Several species of sea turtles come ashore in and around Cancun to lay their eggs in the sand, where the young hatch a few weeks later and crawl out to sea. People are normally told not to disturb the nests, as the sand keeps them at the ideal temperature for hatching.

Furthermore, it is believed that sea turtles use the natural light on the beaches to orient themselves, and often return to the same spot after maturing.

But Beryl’s waves and storm surge could simply sweep them out to sea, where they could not get out.

“In a normal situation, this would not be right, because this will definitely cause mortality,” Tiburcio said. “There will be a lower hatching rate, that is the reality. But it is also a reality that if the nests remain there, they will all be lost.”
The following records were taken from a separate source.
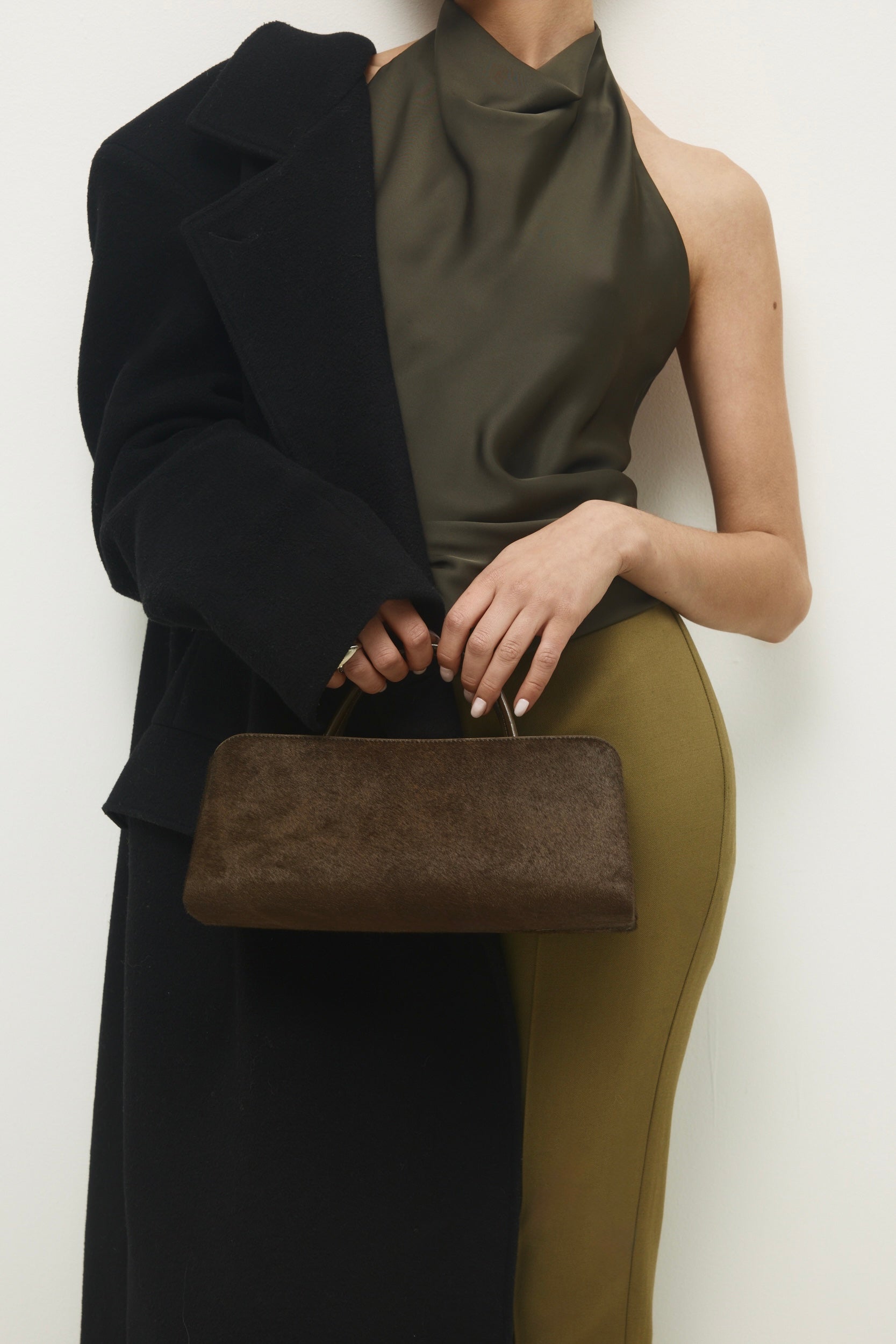 Olive Calf Hair Éclair Bag(Moda Operandi x VERAFIED Exclusive Collection)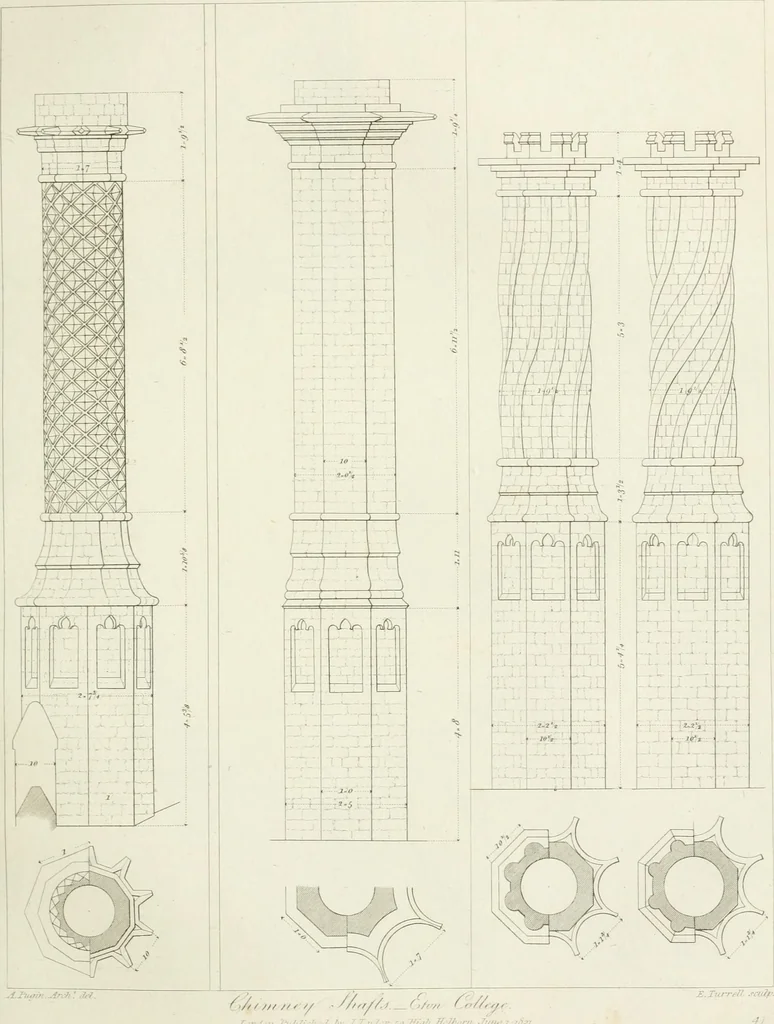 An illustration from Specimens of Gothic architecture; selected from various antient[!] edifices in England: consisting of plans, elevations, sections, and parts at large ... accompanied by historical and descriptive accounts, 1823, leaf 152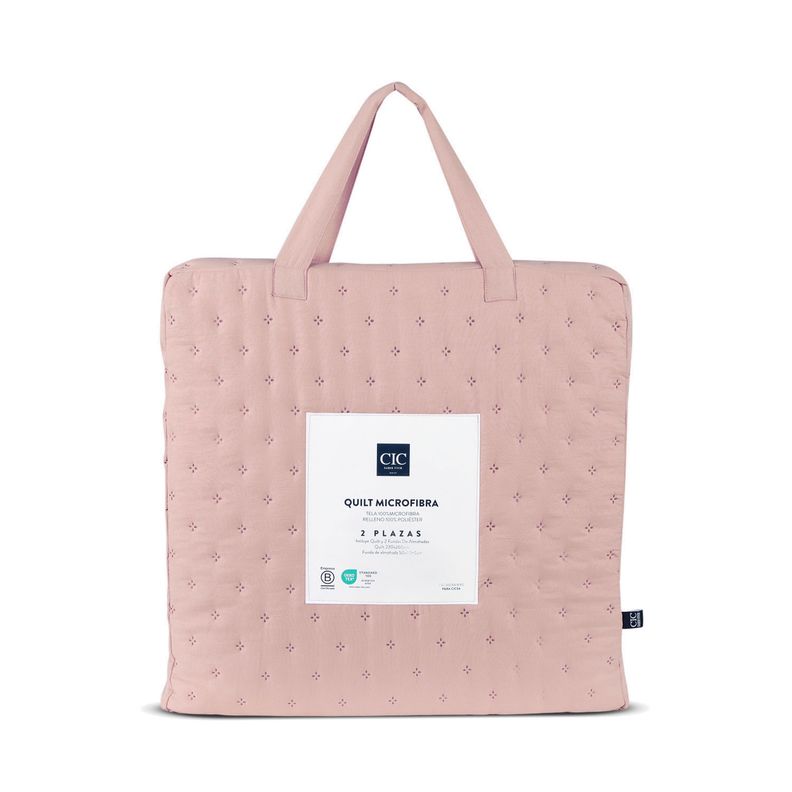 QUILT MICROFIBRA ROSA 2P-5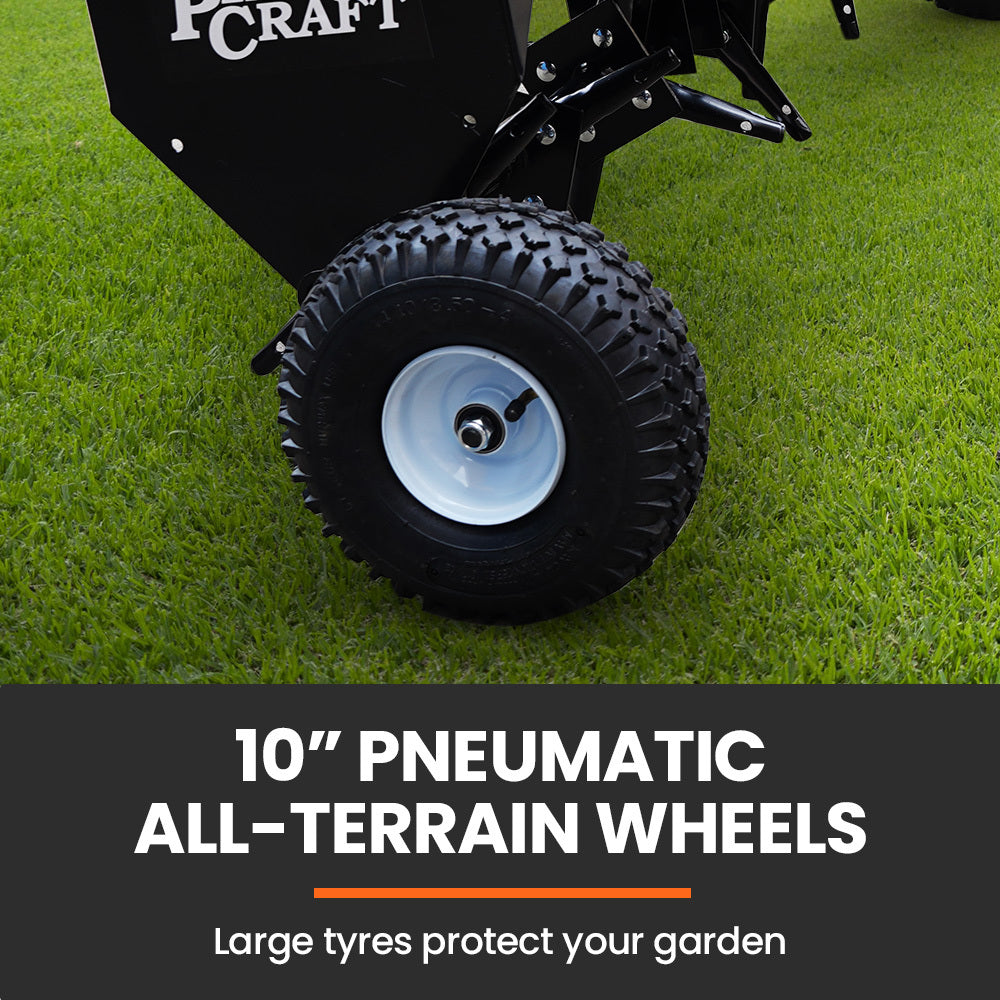 PLANTCRAFT Tow Behind Plug Lawn Aerator 1m (40') Wide, Universal Hitch for Ride on Mower, Garden Tractor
Cancun’s municipal environmental department did not immediately respond to requests for comment on where the turtle eggs were being taken for safekeeping. But in a social media post, the office said it had excavated more than 10,000 eggs from about 93 nests.

Carey’s turtles, like all sea turtles, are protected species in Mexico and taking their eggs, which were eaten a lot in the past, is forbidden.

It’s not just about turtles: further south on the Caribbean coast, in the fishing village of Punta Allen, soldiers, police and marines urged the 700 residents to completely evacuate their homes.

Punta Allen is located on a narrow promontory south of the resort town of Tulum.

A Punta Allen resident who asked not to be named said many residents, about half the population, are resisting calls to evacuate.

“They’re asking everyone to leave Punta Allen … but people don’t want to leave,” she said. “They don’t have money and they don’t want to leave their belongings.”

In addition, the woman said, the government provides free transportation there, but does not give people transportation back after the hurricane passes.

Many people in Mexico have long distrusted government disaster response efforts, as officials often fail to enforce zoning and safety regulations and little is done ahead of storms.

Acapulco is still struggling to recover from Category 5 Hurricane Otis in October, which left at least 52 dead and destroyed or damaged most hotels.